In March 2003, the companys wholly owned subsidiary, Northrop Grumman Space & Mission Systems Corp. (formerly TRW Inc.), commenced offers to purchase any or all of certain designated outstanding Northrop Grumman Space & Mission Systems Corp. debt securities in a debt reduction plan substantially completed in the second quarter of 2003. In the first phase, approximately $2.4 billion in aggregate principal amount of outstanding debt securities had been tendered and accepted for purchase, for a total purchase price of approximately $2.9 billion (including accrued and unpaid interest on the securities). In the second phase, the company purchased on the open market $655 million in aggregate principal amount for a total purchase price of $792 million (including accrued and unpaid interest on the securities) of Northrop Grumman Space & Mission Systems Corp. debt securities. Cash proceeds from the sale of Auto were used to complete these transactions, which contributed to the reduction of long-term debt to $6.3 billion at September 30, 2003, from the $9.4 billion reported at December 31, 2002.
During the third quarter of 2003, the company made litigation settlement payments totaling $191 million. The company redeemed all outstanding shares of TRW Automotive Inc. Series A Convertible Preferred Stock and Series B Preferred Stock for $117 million during the second quarter of 2003.
In the third quarter of 2003, the company approved a share repurchase program of up to $700 million of its outstanding common stock. Share purchases will take place at managements discretion from time to time, depending on market conditions, in the open market and in privately negotiated transactions through the end of 2004. Through October 2003 the company had repurchased 550,000 shares for $47 million.

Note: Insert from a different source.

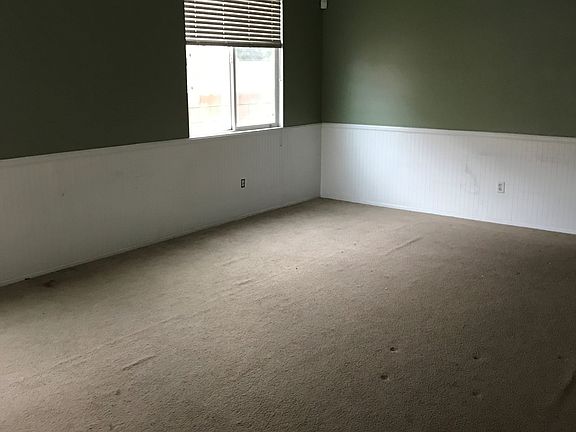 Additional Living Room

For the remainder of 2003, cash generated from operations supplemented by borrowings under credit facilities are expected to be sufficient to service debt, finance capital expenditures and continue paying dividends to the companys shareholders.

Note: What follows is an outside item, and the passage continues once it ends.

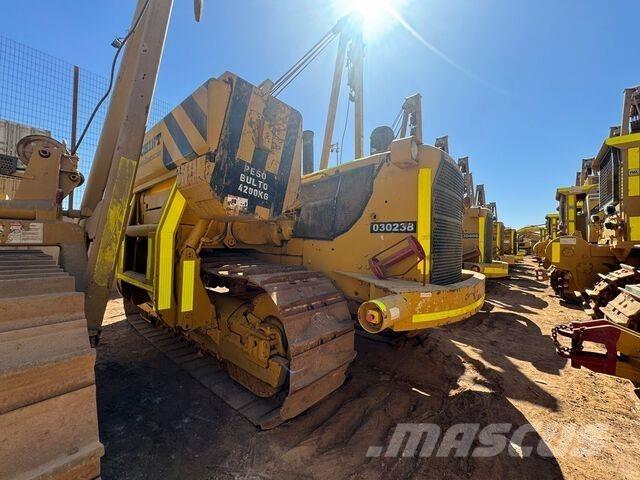 CAT 583K Тръбополагащи булдозери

Critical Accounting Policies
The companys financial statements are in conformity with GAAP. The preparation thereof requires management to make estimates and assumptions that affect the reported amounts of assets and liabilities and the disclosure of contingencies at the date of the financial statements as well as the reported amounts of revenues and expenses during the reporting period. Estimates have been prepared on the basis of the most current and best available information and actual results could differ materially from those estimates.
There have been no changes in the companys critical accounting policies during the nine months ended September 30, 2003.
Financial Accounting Standards
In April 2003, the Financial Accounting Standards Board issued SFAS No. 149 Amendment of Statement 133 on Derivative Instruments and Hedging Activities, which clarifies and amends certain definitions and characteristics of derivative instruments contained in SFAS No. 133 Accounting for Derivative Instruments and Hedging Activities, FASB Interpretation No. 45 Guarantors Accounting and Disclosure Requirements for Guarantees, Including IndirectGuarantees of Indebtedness of Others and other existing pronouncements. Adoption of this statement will not have a significant effect on the companys financial position, results of operations or cash flows.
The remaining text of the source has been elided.